**** Data supplied ****

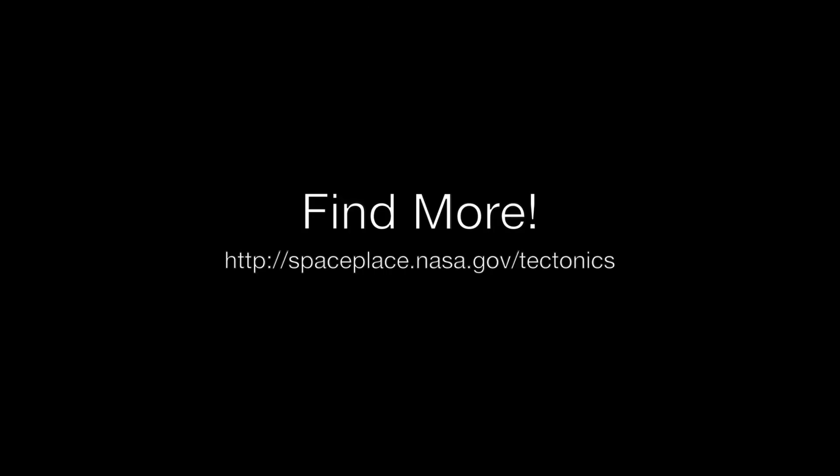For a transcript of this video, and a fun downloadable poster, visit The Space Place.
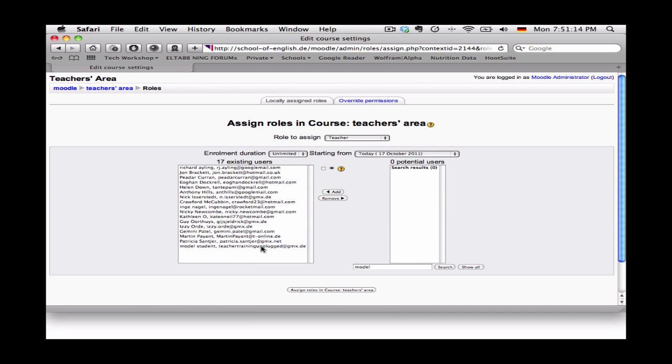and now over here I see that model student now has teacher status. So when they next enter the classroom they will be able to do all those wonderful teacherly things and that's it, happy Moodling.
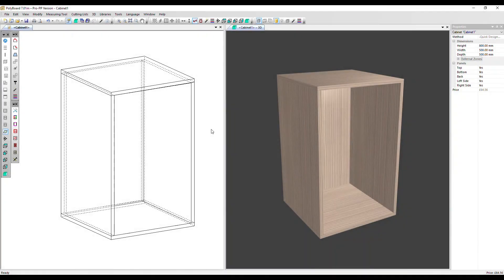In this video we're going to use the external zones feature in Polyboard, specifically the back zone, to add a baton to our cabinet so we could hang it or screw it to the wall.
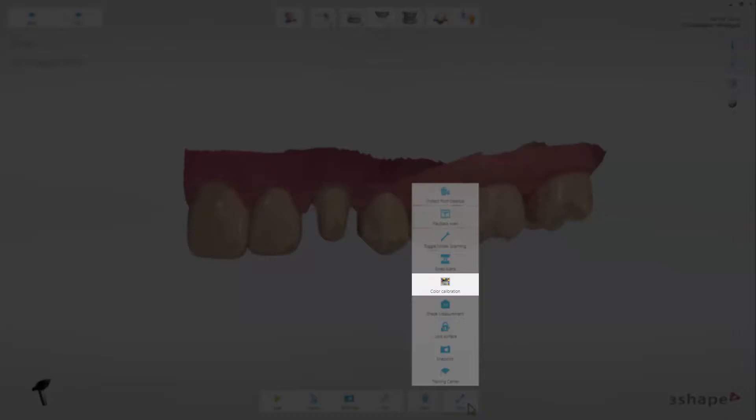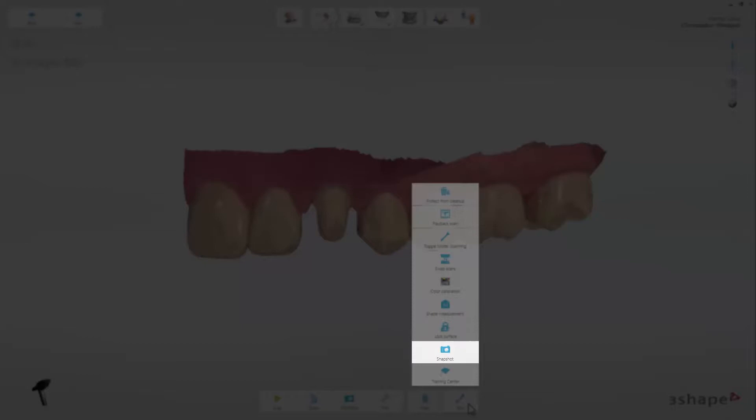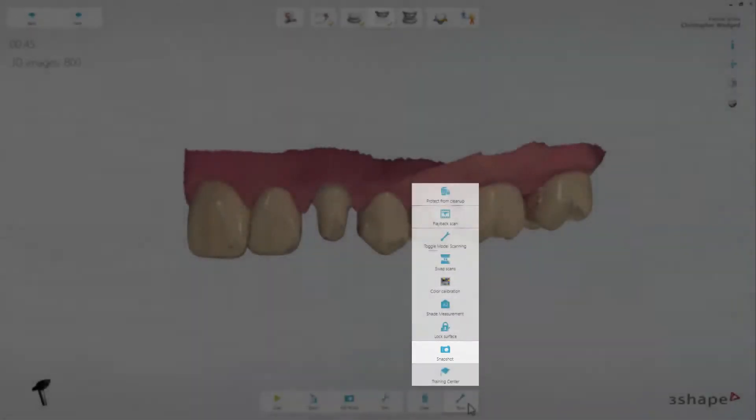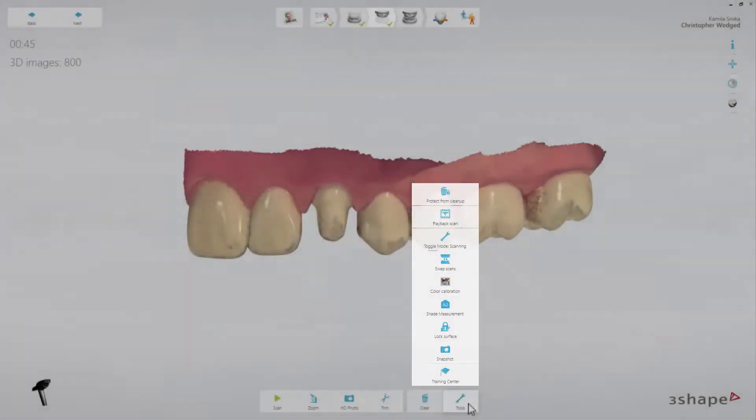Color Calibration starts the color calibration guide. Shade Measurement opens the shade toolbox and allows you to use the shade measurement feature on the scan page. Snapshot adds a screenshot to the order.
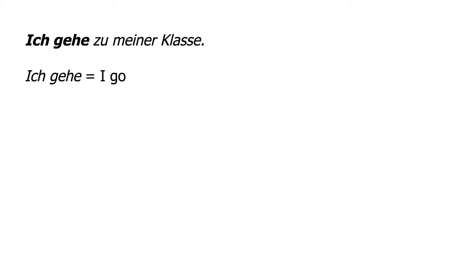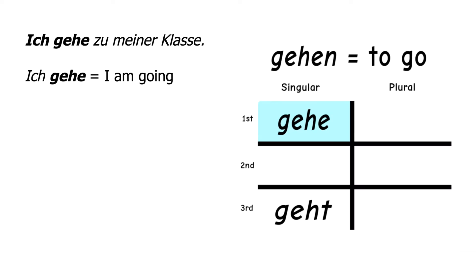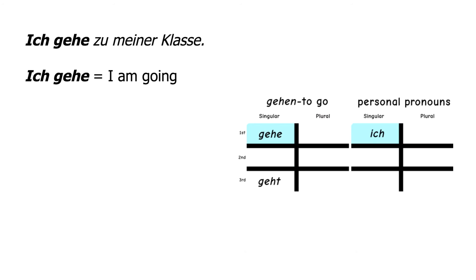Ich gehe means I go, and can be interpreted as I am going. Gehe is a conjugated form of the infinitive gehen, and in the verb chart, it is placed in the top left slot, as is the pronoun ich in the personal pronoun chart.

****

* [What you are asked to do]:
Quote precisely the lines of the data from the line containing "In this video" through its final line, both included, excluding pictures.

* [Response to the task]:
In this video we're going to use the external zones feature in Polyboard, specifically the back zone, to add a baton to our cabinet so we could hang it or screw it to the wall.
Color Calibration starts the color calibration guide. Shade Measurement opens the shade toolbox and allows you to use the shade measurement feature on the scan page. Snapshot adds a screenshot to the order.
Ich gehe means I go, and can be interpreted as I am going. Gehe is a conjugated form of the infinitive gehen, and in the verb chart, it is placed in the top left slot, as is the pronoun ich in the personal pronoun chart.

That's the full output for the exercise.